The hands are finished with a wood preservative for log homes made in Minnesota called Nature’s Structure.
In his remarks at the park, Albright said he really admires the 13 sponsors who each contributed $500 to support the sculpture project during a tough year. “That money goes as a stipend to each artist,” he said.
David Welle of Nevis said his creation, “Whimsy Tree,” located downtown, started out when he heard a storyteller on stage talk about the concept of a mechanical tree that would grow to its full height and then chop itself down.
“I thought it was a whimsical notion and wondered what a mechanical tree would look like,” he said. “Since moving back to Park Rapids where I grew up and went to high school, I’ve paid a lot more attention to trees, especially after living in the desert in California.”
Welle worked in theater design and filmmaking while in California.
“I discovered the sculpture walk when we moved back four years ago and was intrigued by it,” he said. “In my work in theater, I would create scenery, so it was something I was familiar with.

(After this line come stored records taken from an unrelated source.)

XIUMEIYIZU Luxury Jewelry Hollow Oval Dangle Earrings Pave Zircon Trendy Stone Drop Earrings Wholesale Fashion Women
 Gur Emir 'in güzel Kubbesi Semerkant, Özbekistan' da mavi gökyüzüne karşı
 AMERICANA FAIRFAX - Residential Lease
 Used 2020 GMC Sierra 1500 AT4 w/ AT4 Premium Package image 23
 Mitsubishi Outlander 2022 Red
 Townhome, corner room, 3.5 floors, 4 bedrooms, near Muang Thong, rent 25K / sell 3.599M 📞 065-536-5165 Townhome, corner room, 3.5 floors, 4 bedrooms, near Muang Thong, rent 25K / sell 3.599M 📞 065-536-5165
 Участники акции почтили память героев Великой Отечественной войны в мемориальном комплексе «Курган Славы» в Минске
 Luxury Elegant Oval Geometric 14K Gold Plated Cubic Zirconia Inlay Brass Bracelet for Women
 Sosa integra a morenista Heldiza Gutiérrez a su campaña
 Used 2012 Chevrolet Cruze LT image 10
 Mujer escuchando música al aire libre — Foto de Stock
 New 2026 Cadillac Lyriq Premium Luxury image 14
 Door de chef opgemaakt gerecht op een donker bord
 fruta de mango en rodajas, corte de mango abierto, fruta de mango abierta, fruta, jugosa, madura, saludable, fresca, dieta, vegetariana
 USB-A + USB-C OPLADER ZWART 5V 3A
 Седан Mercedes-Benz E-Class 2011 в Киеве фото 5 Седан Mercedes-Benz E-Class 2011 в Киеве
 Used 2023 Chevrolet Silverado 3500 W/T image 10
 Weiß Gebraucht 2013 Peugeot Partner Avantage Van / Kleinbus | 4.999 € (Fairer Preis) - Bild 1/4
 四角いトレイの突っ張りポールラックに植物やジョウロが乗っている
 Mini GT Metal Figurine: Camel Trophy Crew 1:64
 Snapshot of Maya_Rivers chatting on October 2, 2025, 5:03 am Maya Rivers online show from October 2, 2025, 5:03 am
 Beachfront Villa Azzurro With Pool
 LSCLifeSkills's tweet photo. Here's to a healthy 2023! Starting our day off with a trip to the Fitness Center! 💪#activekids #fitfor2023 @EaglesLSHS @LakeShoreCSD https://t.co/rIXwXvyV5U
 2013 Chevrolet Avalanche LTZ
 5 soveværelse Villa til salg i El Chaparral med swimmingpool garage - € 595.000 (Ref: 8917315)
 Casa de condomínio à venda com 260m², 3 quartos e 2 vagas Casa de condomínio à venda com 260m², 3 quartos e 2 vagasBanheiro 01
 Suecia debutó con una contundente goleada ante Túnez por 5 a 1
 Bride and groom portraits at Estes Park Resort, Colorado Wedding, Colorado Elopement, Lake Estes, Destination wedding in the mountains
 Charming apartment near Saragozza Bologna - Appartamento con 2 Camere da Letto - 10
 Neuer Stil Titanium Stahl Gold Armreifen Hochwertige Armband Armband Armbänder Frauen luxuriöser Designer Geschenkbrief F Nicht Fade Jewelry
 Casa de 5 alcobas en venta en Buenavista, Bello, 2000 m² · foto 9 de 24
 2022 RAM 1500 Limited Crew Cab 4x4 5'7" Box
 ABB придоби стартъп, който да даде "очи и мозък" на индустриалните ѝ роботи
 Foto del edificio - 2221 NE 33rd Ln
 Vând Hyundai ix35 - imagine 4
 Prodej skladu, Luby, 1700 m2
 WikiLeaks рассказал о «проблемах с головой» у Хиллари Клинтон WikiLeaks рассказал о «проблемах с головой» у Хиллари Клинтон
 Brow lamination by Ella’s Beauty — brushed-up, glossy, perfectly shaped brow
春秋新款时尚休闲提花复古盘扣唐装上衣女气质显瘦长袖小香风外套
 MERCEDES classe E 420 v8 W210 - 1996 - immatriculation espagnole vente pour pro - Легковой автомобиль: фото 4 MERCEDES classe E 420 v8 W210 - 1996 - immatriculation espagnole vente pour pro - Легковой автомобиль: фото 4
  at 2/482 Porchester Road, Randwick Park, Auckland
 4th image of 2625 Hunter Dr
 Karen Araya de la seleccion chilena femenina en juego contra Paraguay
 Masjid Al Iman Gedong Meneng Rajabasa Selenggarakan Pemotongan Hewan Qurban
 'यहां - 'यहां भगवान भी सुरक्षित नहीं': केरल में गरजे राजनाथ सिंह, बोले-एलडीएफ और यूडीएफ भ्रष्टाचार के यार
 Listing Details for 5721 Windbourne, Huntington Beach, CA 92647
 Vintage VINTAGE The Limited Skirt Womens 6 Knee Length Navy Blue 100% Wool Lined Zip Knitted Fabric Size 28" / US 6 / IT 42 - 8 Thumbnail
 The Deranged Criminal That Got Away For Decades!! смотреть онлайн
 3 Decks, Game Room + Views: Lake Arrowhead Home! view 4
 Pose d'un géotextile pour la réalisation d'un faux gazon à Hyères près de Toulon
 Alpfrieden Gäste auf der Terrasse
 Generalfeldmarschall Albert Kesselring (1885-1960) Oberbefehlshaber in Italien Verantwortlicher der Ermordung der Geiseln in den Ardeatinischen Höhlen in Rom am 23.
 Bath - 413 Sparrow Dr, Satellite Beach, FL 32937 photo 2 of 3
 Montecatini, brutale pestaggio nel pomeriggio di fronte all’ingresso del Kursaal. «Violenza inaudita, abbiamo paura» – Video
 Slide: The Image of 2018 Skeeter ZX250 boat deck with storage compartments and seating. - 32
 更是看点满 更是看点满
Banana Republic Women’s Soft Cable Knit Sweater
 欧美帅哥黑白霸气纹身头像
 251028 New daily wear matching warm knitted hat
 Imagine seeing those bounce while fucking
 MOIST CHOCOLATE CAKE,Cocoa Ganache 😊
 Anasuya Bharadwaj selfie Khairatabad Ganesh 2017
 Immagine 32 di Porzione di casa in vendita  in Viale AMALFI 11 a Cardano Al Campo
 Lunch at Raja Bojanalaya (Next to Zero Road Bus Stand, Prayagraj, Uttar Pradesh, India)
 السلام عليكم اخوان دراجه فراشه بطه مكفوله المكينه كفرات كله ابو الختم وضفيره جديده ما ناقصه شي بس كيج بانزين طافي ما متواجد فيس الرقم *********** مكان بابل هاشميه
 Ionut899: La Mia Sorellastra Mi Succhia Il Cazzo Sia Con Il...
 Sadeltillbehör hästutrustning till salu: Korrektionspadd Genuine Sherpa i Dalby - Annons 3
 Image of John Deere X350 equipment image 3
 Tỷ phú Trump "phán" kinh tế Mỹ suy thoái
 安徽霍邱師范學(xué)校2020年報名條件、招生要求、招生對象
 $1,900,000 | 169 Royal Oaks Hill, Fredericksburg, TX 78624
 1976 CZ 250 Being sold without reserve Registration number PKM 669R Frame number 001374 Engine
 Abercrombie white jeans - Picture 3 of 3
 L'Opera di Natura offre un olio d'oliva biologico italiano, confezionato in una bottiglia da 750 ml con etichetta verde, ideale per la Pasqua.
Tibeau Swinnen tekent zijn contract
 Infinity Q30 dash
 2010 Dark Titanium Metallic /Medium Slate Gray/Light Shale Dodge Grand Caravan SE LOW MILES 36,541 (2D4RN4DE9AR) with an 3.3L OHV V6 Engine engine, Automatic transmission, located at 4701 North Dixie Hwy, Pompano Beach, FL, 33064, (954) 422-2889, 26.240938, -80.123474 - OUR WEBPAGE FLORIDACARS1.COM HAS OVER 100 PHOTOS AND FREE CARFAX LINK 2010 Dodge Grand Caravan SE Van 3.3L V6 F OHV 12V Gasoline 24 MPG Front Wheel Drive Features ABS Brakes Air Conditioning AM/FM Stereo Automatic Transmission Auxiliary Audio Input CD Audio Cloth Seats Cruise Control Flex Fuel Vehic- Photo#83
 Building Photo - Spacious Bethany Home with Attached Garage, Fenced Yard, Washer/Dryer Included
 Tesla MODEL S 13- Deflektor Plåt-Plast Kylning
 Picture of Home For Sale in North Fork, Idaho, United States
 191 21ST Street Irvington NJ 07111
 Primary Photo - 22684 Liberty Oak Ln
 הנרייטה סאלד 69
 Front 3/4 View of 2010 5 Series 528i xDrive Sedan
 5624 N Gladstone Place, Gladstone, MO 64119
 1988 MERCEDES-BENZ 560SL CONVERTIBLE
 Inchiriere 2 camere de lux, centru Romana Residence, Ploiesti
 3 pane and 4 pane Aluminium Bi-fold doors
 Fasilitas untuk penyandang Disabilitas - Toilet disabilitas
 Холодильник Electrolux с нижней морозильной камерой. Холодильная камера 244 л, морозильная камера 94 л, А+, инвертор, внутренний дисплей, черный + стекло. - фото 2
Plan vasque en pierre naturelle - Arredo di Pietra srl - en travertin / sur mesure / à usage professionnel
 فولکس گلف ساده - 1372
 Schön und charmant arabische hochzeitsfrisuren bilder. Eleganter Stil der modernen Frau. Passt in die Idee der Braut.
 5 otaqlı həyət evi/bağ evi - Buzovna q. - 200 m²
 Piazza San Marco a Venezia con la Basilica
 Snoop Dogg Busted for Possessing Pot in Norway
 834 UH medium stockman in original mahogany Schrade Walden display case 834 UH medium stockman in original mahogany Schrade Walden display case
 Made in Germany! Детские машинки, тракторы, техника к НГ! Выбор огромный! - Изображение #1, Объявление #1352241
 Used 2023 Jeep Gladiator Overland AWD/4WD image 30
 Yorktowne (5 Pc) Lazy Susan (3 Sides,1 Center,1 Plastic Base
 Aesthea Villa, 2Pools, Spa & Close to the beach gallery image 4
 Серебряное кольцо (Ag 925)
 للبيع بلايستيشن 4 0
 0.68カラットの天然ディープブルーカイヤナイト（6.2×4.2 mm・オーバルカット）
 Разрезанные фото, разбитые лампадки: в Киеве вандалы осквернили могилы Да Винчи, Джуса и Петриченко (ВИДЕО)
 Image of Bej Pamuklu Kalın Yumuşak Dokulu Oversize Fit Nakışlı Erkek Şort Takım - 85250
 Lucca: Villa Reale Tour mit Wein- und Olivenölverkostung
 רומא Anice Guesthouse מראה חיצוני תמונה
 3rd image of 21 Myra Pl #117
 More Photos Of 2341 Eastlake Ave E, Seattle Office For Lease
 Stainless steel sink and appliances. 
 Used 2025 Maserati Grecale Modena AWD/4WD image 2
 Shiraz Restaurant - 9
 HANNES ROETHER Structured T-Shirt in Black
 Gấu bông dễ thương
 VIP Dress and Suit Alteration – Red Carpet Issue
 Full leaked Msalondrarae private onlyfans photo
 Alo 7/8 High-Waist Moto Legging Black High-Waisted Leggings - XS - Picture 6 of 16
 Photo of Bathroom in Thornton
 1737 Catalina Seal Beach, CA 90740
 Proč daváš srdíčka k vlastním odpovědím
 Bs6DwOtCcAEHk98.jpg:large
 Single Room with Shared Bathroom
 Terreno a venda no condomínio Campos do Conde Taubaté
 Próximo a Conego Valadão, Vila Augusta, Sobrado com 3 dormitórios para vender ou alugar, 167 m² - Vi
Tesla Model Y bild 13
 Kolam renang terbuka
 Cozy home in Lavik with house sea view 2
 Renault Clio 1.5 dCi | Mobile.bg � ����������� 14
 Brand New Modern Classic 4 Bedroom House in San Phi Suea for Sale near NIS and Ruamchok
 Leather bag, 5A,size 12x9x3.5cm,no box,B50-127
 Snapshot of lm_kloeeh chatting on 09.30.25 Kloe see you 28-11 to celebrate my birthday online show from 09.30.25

I thought the sculpture walk would be fun to participate in.”
Welle said his design started with a desk top model of the concept of the tree and working on different prototypes before building the final sculpture, which he estimates took two months of active work.
“One of the things that’s valuable about art is the process of asking questions and pursuing your curiosity,” he said. “Hopefully the sculptures will encourage other people’s curiosity.”
Other artists featured in this year’s sculpture trail are Tim Adams of Webster City, Iowa; Al Bellevue of Puposky; Mark Hall of Kasota; Clayton Johnson of Park Rapids; Jon Kamrath of Mahtomedi; Isaac Kidder of Minnetrista; David Montague of Brooklyn Park; Tim Nielsen of Bemidji; James Pedersen of Walker and Ryan Pedersen of North Mankato; Patrick Shannon of Vergas and Simon Zornes of Bagley.
A brochure and updated information will be available later this summer for those seeking more information about the sculpture walk. Information about the history of the sculpture trail is also featured on the heartlandarts.org website.
All sculptures are for sale by the artists. QR codes on each sculpture tag connect buyers to the artist as well as more information about the piece.